According to a report by “The Block,” the U.S. Commodity Futures Trading Commission (CFTC) has voted to propose a rule to enhance customer protection for investors trading through Derivatives Clearing Organizations (DCOs).
The rule, titled “Protection of Customer Funds Held by Derivatives Clearing Organizations,” will require DCOs registered with the commission and clearing trades to separate customer funds (including retail investors’ funds) from their own funds. The proposal will next seek public comments.
CFTC Commissioner Kristin Johnson, who voted in favor, stated that the bankruptcy of FTX was a significant impetus for this proposal, as the FTX incident “illustrates the extent of losses that customers may suffer in the absence of rules prohibiting the commingling of customer funds or member property.”

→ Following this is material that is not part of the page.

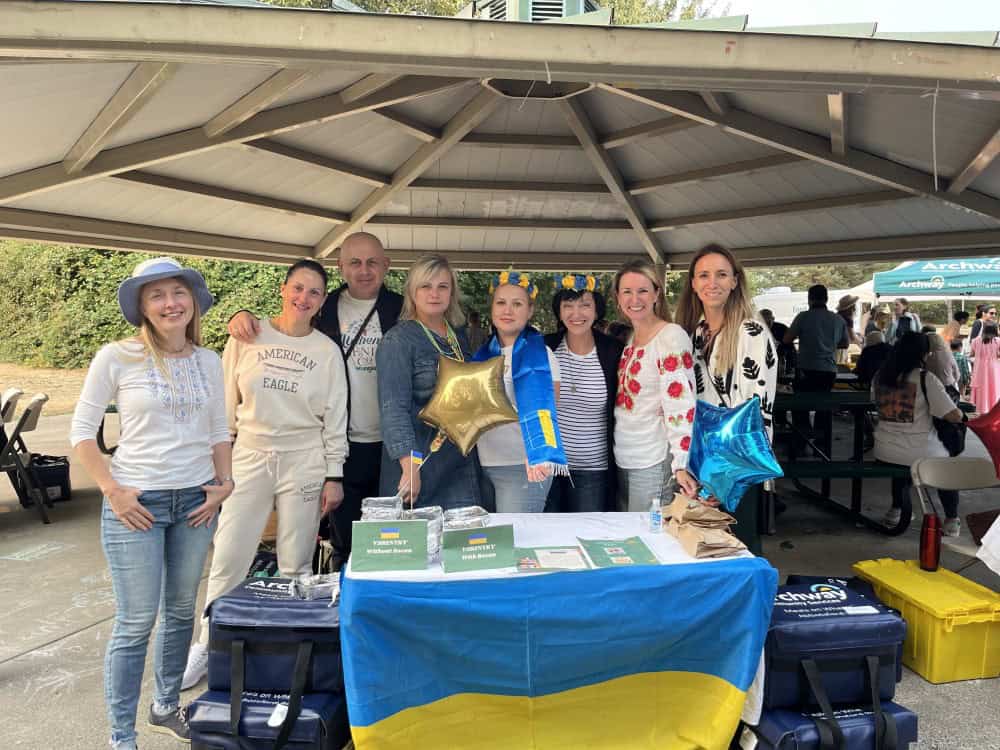 Group of people at Ukrainian table at community event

CFTC Chairman Rostin Behnam also voted in favor, noting that while there are protections in place for funds belonging to futures commission merchant customers, there are none for funds belonging to DCO clearing members. He stated that CFTC also voted on Wednesday to grant a DCO license to the cryptocurrency derivatives exchange Bitnomial, allowing the company to conduct clearing operations for futures and options trading. Bitnomial stated in a release that it is the “first and only cryptocurrency-native exchange with full U.S. Derivatives Exchange, Clearinghouse, and Broker licenses.”